The solution of Equation (25) is as follows:

$$\begin{array}{l}x(t)={\displaystyle \frac{{\dot{x}}_0}{k\omega }}\sin (k\omega t)+x_0\cos (k\omega t)\\ y(t)={\displaystyle \frac{{\dot{y}}_0}{k\omega }}\sin (k\omega t)+y_0\cos (k\omega t)\\ z(t)={\displaystyle \frac{{\dot{z}}_0}{k\omega }}\sin (k\omega t)+z_0\cos (k\omega t)\end{array}$$

(26)

According to Equations (24) and (26), the control input can be calculated as follows:

$$\begin{array}{l}{u}_x=[-2\omega {\dot{y}}_0-{\omega }^2(3+k^2)x_0]\cos (k\omega t)+[2k{\omega }^2{y}_0-{\displaystyle \frac{\omega (3+k^2)}{k}}{\dot{x}}_0]\sin (k\omega t)\\ u_y=(2\omega {\dot{x}}_0-k^2{\omega }^2{y}_0)\cos (k\omega t)-(2k{\omega }^2{x}_0+k\omega {\dot{y}}_0)\sin (k\omega t)\\ u_z={\displaystyle \frac{(1-k^2)\omega }{k}}{\dot{z}}_0\sin (k\omega t)+(1-k^2){\omega }^2{z}_0\cos (k\omega t)\end{array}$$

(27)

According to Equation (27), if the fly-around period and initial relative states meet the following conditions:

$$k=\pm 1,\hspace{0.33em}\hspace{0.33em}{\dot{y}}_0=-2\omega x_0,\hspace{0.33em}\hspace{0.33em}{\dot{x}}_0={\displaystyle \frac{\omega }{2}}{y}_0$$

(28)

Then the fuel consumption required for fly-around is zero, and Equation (28) is the necessary condition for circular formation in circular reference orbit under natural conditions.

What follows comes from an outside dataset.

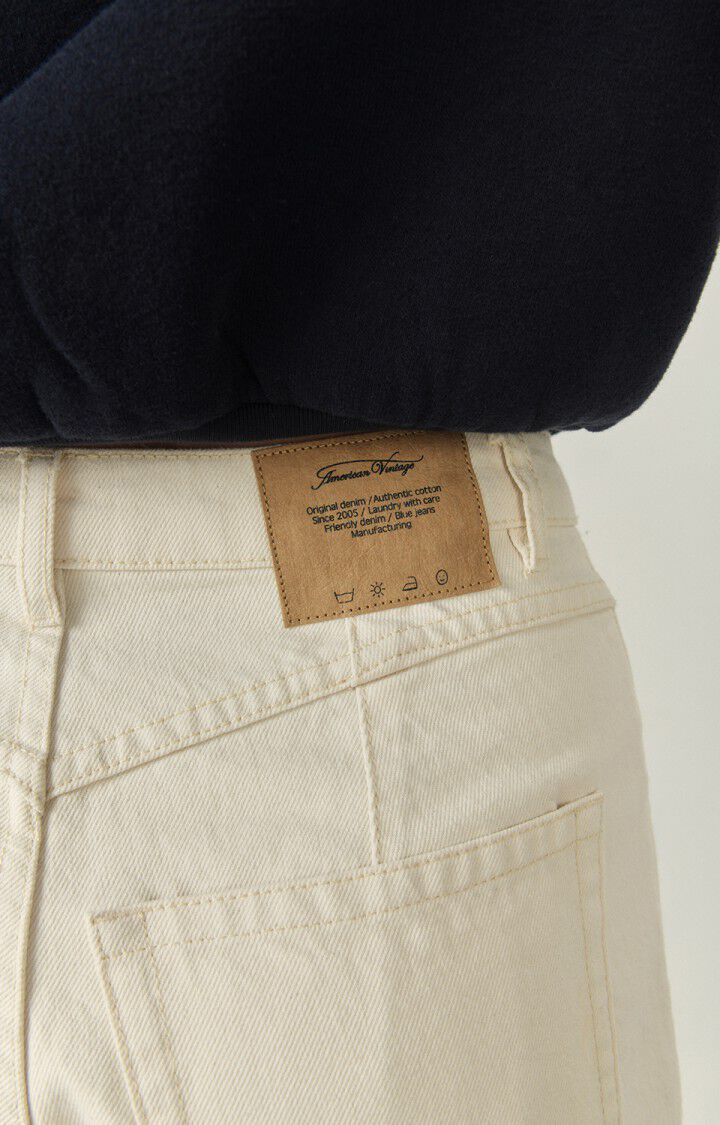 Women's carrot jeans Datcity, ECRU, hi-res-model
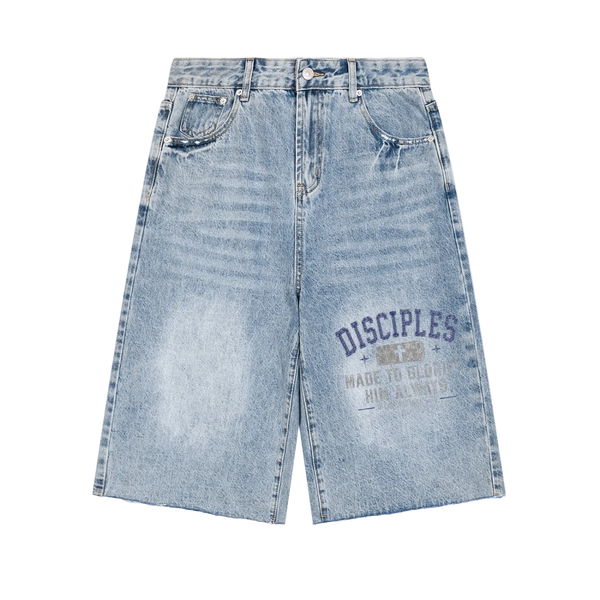 Men’s Vintage Wide Leg Denim Shorts (COMING SOON)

3.4. Planar Fly-Around Trajectory

According to the spacecraft’s relative dynamics, when neglecting the perturbations, the relative uncontrolled motion in the z-axis direction of the target’s orbital plane will not diverge. Therein, the relative motion in the orbital plane is focused. The above discussion focuses on the motion in the plane determined by the initial relative states, and the obtained conclusions can be transplanted to the motion in the orbital plane. Accordingly, only the relative states in the orbital plane need to be considered, and also the control input in this plane. The planar fly-around trajectory also includes ellipses with the target spacecraft as the center or focus.

A simulation of a planar fly-around ellipse with the target spacecraft as the center is conducted. The orbit parameters of the two spacecraft are also the same as the parameters in Section 3.1. The parameter in Equation (23) is designed as $\rho =3$. There is no active control in the z-axis direction. The simulation results are shown in Figure 11. Obviously, the fly-around trajectory is a projected ellipse, and there is a stable 3D configuration.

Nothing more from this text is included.